● **Task brief**
Please transcribe, word for word, the line containing "16d15e68ab192253790d0132055d60d91e6b88b1" and every line after it through the end of the records below, and nothing else.

Provided records: Begin

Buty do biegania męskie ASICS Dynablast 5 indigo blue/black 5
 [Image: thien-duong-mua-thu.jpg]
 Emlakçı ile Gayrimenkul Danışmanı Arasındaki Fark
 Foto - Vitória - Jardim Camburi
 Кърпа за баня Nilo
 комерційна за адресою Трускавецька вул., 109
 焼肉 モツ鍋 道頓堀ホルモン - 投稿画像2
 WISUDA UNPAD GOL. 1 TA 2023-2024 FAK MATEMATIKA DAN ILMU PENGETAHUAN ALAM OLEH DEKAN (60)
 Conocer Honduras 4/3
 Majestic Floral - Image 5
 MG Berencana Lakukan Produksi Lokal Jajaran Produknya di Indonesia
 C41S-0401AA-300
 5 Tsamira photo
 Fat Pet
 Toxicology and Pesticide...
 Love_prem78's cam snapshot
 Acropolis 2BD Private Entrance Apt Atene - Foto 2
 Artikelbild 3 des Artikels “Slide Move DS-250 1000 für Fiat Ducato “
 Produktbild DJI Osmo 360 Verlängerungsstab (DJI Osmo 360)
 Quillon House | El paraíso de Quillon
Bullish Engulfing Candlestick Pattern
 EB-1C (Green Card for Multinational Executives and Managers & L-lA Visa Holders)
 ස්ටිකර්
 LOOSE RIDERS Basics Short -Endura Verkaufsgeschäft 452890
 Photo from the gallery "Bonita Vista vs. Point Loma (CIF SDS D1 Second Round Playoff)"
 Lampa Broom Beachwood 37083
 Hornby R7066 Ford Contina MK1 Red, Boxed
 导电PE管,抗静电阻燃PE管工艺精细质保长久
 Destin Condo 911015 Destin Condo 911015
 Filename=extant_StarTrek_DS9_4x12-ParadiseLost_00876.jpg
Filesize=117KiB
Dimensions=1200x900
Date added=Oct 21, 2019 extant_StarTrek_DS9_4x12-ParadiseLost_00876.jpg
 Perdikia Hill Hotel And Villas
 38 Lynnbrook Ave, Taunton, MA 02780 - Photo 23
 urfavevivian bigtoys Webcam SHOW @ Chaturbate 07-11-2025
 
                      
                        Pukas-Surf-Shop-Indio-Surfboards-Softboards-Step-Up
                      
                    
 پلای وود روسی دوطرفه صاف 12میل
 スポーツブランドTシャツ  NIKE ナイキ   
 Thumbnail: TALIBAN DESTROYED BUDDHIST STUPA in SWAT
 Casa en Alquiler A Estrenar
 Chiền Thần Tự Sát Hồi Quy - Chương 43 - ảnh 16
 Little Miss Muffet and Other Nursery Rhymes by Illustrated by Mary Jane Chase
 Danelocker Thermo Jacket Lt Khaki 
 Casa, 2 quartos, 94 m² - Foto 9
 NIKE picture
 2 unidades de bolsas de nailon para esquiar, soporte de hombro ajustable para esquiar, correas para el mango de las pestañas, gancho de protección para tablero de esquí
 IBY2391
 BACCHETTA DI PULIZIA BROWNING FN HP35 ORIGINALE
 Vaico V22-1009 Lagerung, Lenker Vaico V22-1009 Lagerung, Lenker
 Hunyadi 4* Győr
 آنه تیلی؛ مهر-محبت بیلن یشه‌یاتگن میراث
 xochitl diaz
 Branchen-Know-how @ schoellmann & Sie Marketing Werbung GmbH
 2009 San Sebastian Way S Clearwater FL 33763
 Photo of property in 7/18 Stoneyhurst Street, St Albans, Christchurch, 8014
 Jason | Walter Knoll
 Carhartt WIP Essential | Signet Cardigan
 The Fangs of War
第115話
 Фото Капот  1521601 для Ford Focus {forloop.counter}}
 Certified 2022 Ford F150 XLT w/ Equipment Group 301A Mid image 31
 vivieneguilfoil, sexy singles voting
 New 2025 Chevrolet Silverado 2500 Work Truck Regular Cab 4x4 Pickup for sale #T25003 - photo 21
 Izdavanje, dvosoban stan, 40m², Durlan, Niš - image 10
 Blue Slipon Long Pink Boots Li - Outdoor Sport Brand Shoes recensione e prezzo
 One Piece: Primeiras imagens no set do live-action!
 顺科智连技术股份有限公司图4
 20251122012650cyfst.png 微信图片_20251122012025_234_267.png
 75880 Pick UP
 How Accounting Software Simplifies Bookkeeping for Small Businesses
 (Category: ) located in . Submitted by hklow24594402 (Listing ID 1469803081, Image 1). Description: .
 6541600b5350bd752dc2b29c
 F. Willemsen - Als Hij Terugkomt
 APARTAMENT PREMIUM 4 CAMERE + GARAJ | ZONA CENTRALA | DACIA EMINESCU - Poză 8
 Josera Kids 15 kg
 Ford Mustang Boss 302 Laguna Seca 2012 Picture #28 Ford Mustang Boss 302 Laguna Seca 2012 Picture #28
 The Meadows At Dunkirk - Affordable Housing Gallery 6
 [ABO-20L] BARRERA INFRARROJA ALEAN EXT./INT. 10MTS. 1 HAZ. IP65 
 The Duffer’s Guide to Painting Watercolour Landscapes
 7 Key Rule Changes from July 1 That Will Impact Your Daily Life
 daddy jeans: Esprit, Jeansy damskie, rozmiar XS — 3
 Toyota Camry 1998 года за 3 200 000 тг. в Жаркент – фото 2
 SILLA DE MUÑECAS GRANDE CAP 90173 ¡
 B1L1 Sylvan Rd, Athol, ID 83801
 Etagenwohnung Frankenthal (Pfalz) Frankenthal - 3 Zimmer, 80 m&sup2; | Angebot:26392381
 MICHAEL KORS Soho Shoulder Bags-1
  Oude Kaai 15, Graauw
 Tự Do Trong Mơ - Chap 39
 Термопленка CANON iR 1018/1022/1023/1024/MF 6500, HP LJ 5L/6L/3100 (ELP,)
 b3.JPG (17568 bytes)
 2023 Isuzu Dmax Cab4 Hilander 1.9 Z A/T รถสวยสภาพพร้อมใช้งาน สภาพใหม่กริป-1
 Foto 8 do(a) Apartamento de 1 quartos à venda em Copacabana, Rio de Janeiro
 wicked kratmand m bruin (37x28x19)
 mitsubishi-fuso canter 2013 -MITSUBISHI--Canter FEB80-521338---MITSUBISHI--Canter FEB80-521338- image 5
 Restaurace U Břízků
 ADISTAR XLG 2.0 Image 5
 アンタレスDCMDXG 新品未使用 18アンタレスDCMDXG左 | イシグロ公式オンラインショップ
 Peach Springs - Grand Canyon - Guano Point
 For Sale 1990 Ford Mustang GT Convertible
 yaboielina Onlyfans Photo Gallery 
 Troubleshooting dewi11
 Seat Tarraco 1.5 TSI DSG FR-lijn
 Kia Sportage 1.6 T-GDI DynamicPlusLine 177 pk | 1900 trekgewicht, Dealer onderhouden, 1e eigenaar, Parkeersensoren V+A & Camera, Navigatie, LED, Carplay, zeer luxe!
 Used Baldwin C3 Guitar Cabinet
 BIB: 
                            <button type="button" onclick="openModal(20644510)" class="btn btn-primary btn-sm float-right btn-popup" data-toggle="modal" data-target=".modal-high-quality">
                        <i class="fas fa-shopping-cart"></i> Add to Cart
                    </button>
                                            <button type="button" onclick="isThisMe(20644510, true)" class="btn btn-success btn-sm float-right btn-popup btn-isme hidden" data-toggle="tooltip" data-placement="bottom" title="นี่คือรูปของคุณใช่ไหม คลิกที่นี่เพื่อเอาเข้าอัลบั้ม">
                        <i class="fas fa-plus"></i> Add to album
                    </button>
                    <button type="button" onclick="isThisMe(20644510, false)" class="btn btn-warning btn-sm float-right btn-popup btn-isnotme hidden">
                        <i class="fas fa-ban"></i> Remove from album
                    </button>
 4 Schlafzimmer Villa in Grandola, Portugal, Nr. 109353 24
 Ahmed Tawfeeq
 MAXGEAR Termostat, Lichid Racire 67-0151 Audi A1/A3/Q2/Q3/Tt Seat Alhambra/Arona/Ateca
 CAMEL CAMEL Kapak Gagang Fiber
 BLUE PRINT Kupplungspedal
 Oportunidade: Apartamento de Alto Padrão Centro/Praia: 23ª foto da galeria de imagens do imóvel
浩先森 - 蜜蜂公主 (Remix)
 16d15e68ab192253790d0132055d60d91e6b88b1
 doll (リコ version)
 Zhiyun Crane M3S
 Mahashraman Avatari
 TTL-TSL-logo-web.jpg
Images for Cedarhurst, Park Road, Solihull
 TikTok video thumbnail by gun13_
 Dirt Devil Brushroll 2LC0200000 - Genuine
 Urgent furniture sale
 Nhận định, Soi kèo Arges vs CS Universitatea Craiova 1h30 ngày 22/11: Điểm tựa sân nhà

Provided records: End

● **Result of this task**
 16d15e68ab192253790d0132055d60d91e6b88b1
 doll (リコ version)
 Zhiyun Crane M3S
 Mahashraman Avatari
 TTL-TSL-logo-web.jpg
Images for Cedarhurst, Park Road, Solihull
 TikTok video thumbnail by gun13_
 Dirt Devil Brushroll 2LC0200000 - Genuine
 Urgent furniture sale
 Nhận định, Soi kèo Arges vs CS Universitatea Craiova 1h30 ngày 22/11: Điểm tựa sân nhà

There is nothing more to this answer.